Afişe dikkat edilmesi gereken filmdir. Norveç usulü mizah barındırır.
Adı, esamisi bile geçmeyen esas oğlanın hayatına bir kadın girer (sarı şifonyeriyle), garibimin hayatını kendi isteğine göre hallaç pamuğu gibi atar. Olaylar gelişir.
Pazar akşamı izlendi. Pazartesi (ah o mavi pazartesi !) gününe hazırlık yapmak için birebir geldi.

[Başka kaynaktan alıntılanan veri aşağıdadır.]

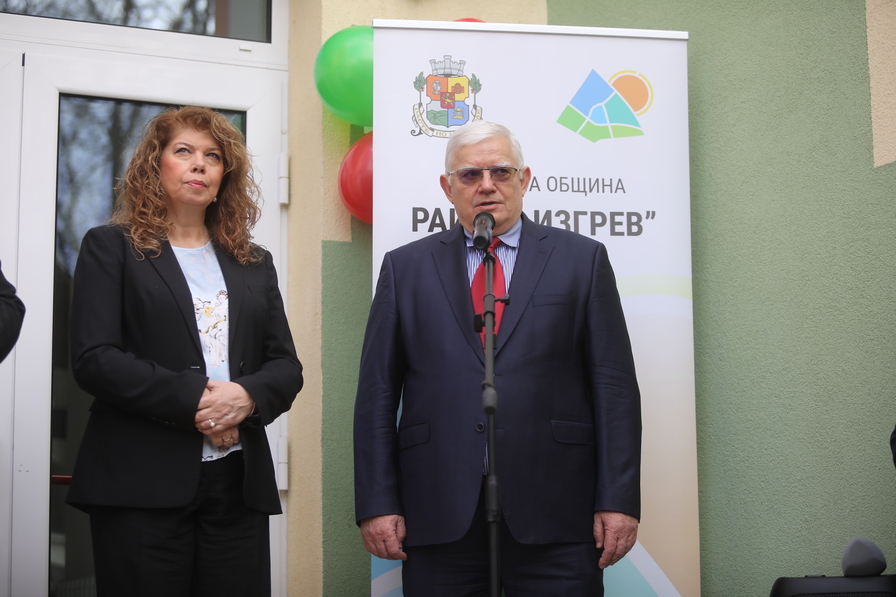 <p>Откриха ясла за 150 деца в столичния район &quot;Изгрев&quot;</p>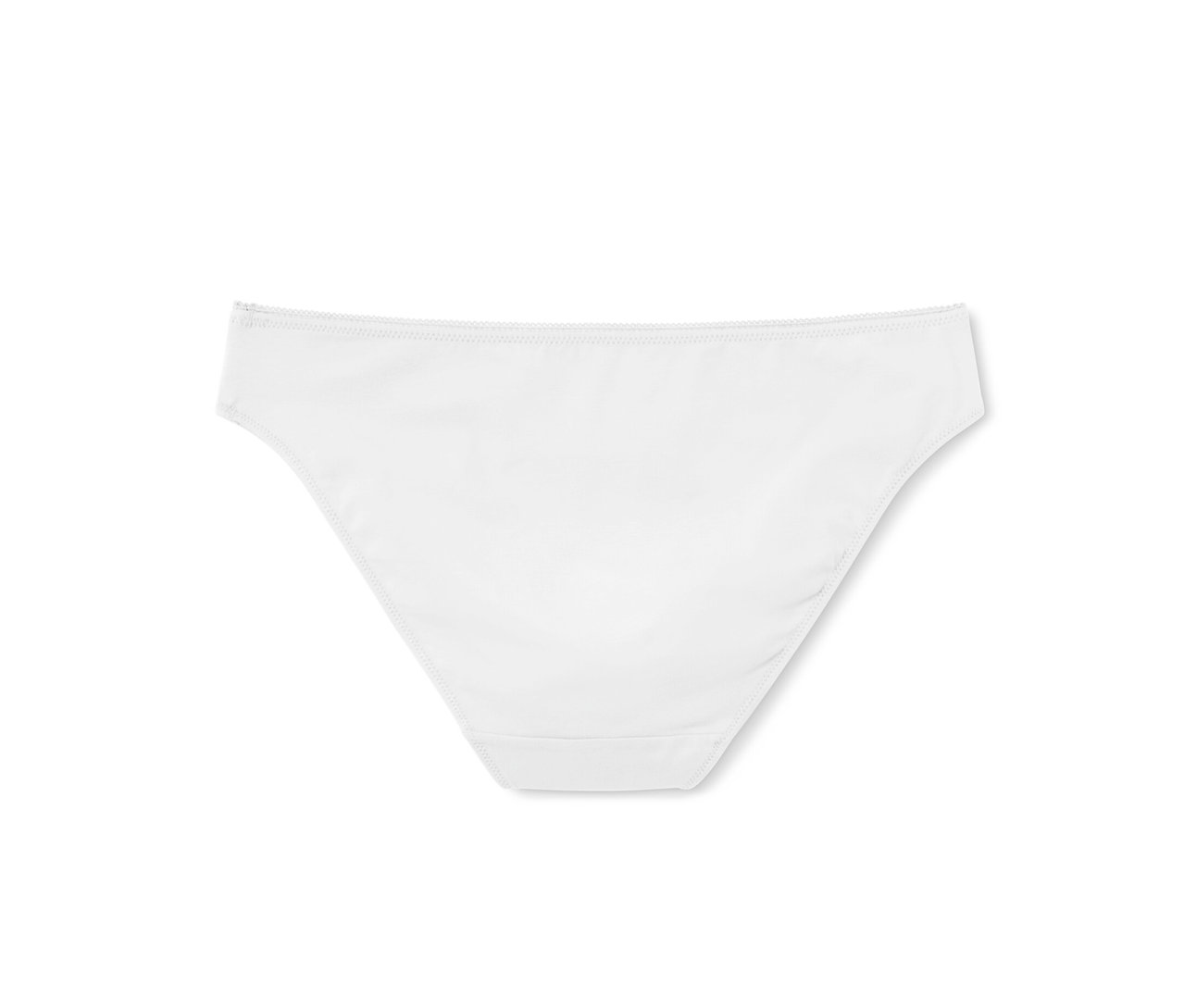 5 slips blancs sur fond blanc.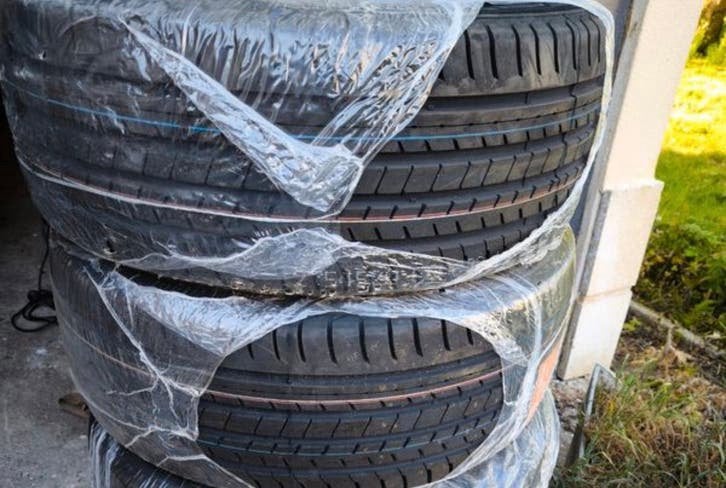 2 Pneus neuf imperial 195/70r15 125€, Enlèvement, Comme neuf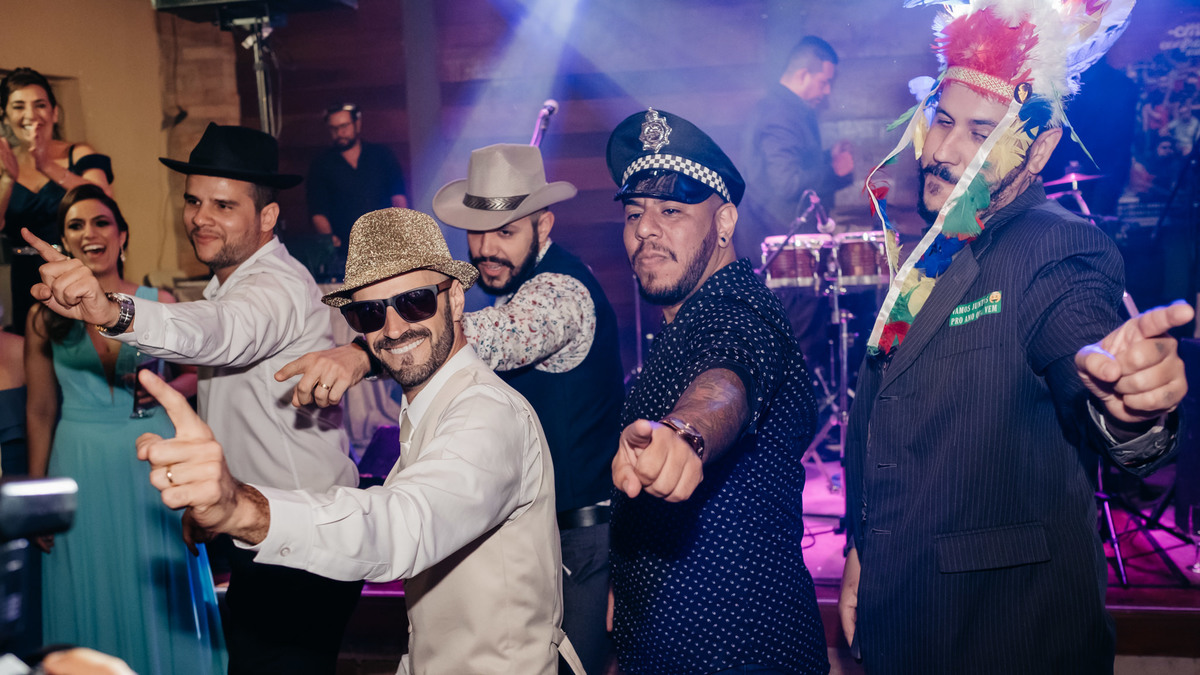 casamento no campo, de dia, final de tarde na fazenda boa esperança e recepção com madrinhas e padrinhos e convidados, em taubaté com buffet requinte e alva fotografia de casamento - anderson barboza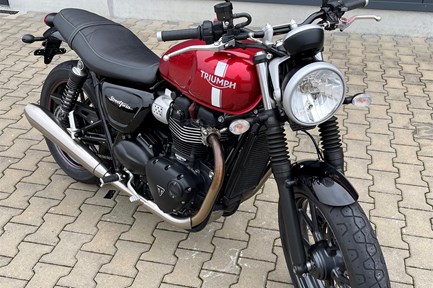 Triumph Street Twin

Tüm ev ahalisi sıkılmadan izledi (düz sinefile gideri vardır).
Mariyen gibi havva kızları, kolayca kaldırdıkları (ve hatta havadan kolayca tuttukları), evimizin havasına hiç uymayan sarı şifonyerleri getirip yaşamımızın başköşesine koyuyorlar, canları istediğinde sıkılıyor, gidiyor, planlar yapıyor, planlar uyguluyor, terkediyor, barışıyor, sinemaya gitmeye karar veriyor, sevişmek istiyor, sevişmek istemiyor, Paris'i sevmiyor, hayır ! Paris'ten gitmek istemiyor, dağ başlarında trenden iniyor, kartalsever Tor'la sevgilisini boynuzluyor (uzar gider)...

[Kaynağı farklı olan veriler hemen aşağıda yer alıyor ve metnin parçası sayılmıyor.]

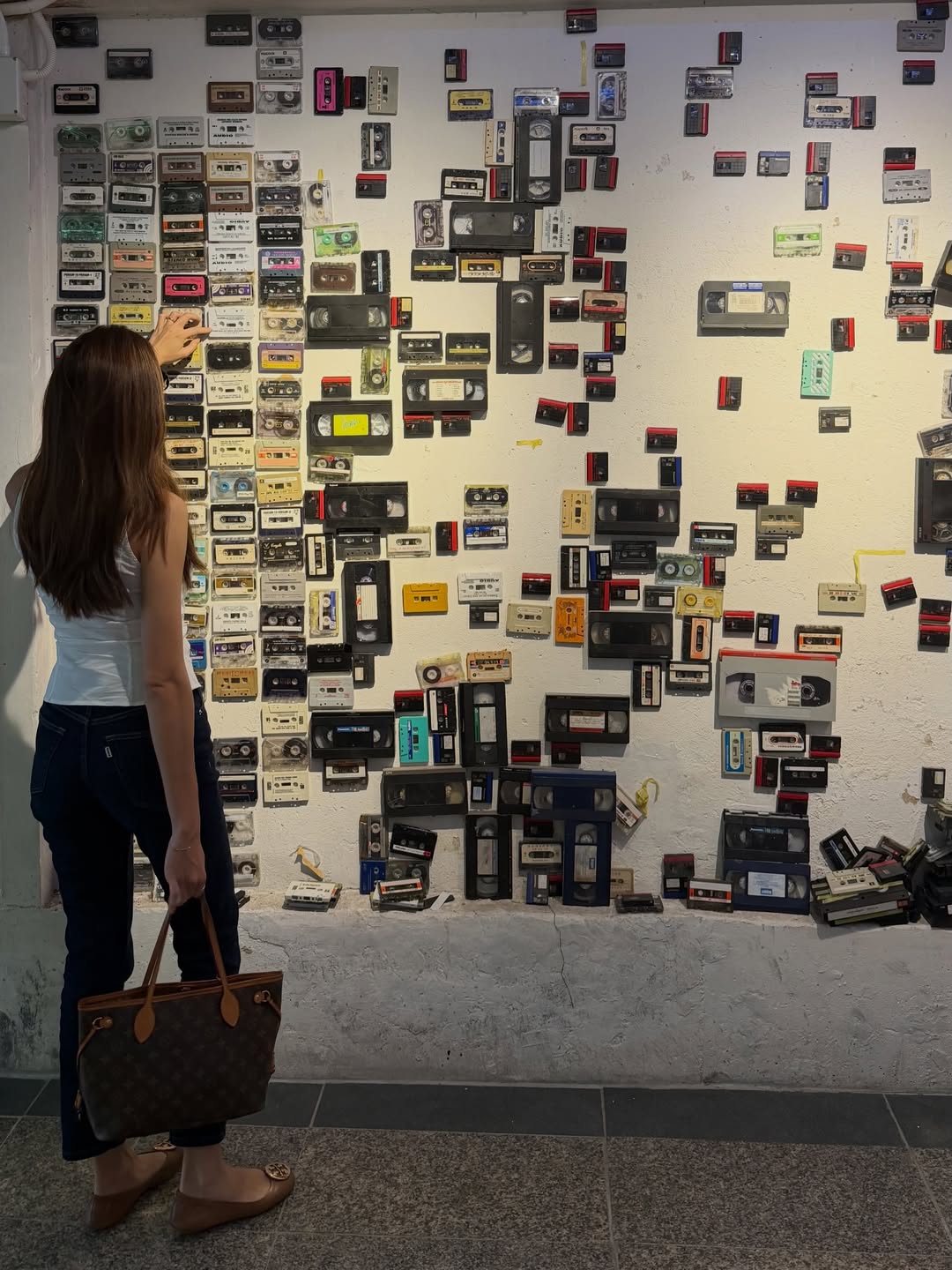 พลอย - ชิดจันทร์ ห่ง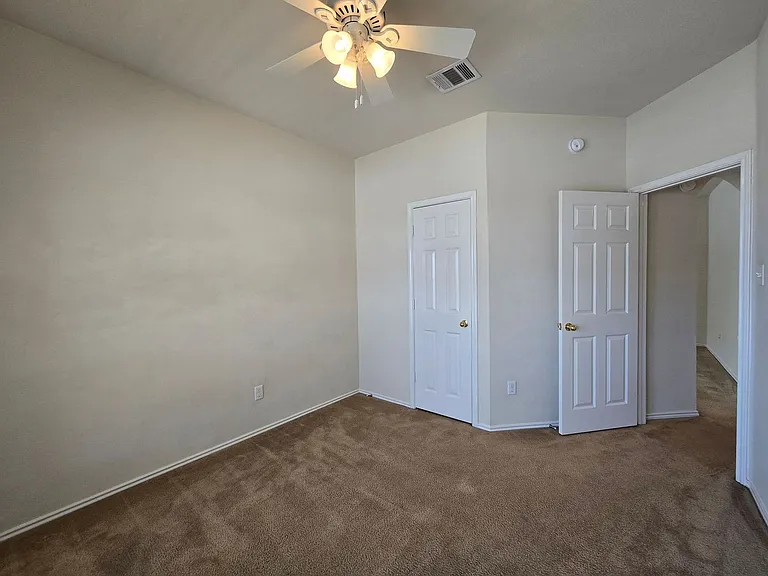 4604 Black Forest Ln — Photo 21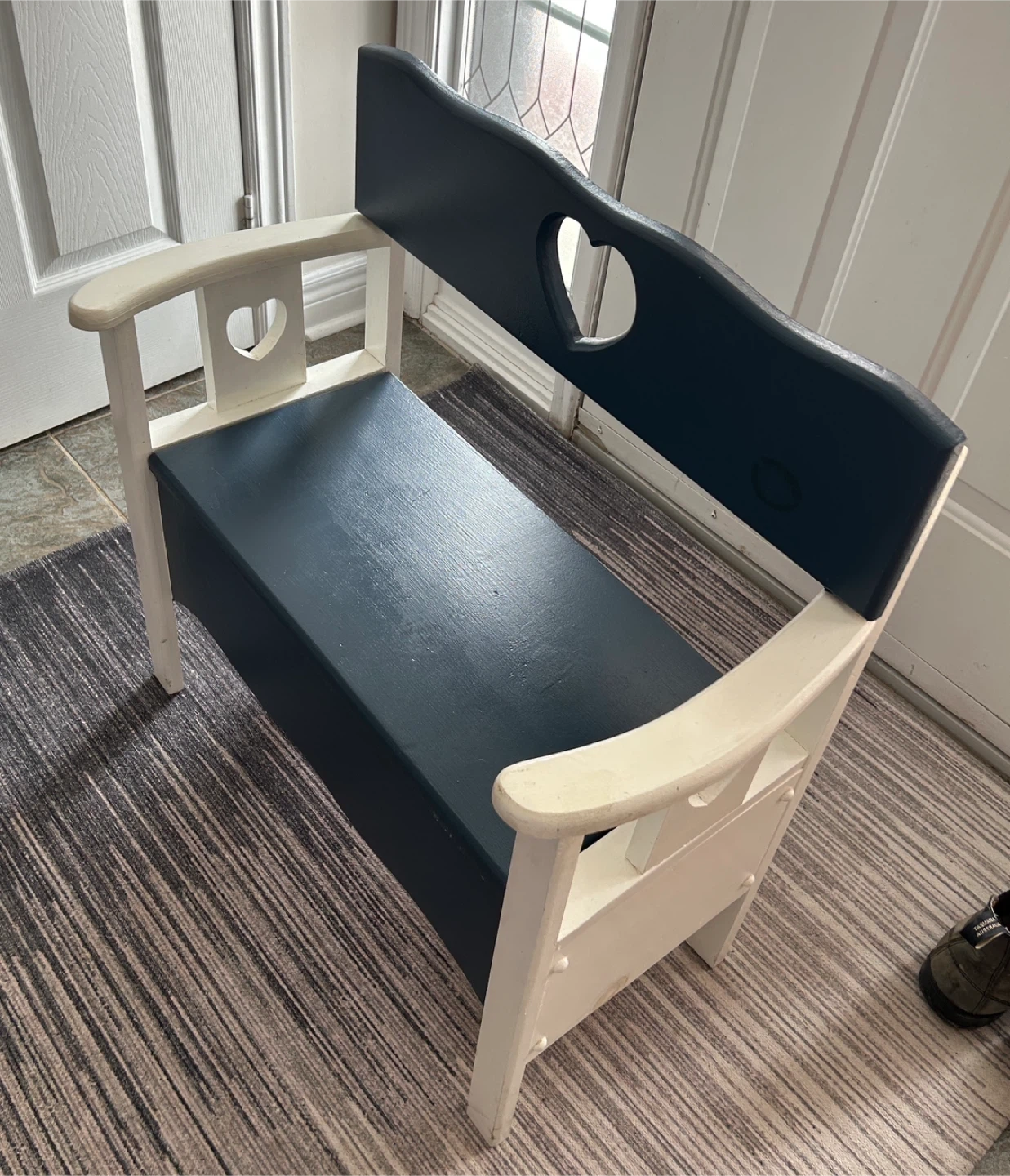 Handmade Child’s Storage Bench – Toronto Team Colours - photo 2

Figüran rolündeki esas oğlanımız ne yapıyor ? Yüzüyor (bazen dipten çıkmamaya karar vererek), saunada dertleşiyor, yalnız kalabildiğinde hayatını düzene sokmaya çalışıyor.
"Bizim de kaderimiz böyle değil mi ?" diye iç geçirerek ve çokça da gülümseyerek izlediğim bir pelikuladır. Öyle mesaj derdi falan yoktur, metafor ise kocaman ve sapsarı gözümüzün önünde durmaktadır (yerinden kımıldatılamamaktadır). Velhasıl, öneririm.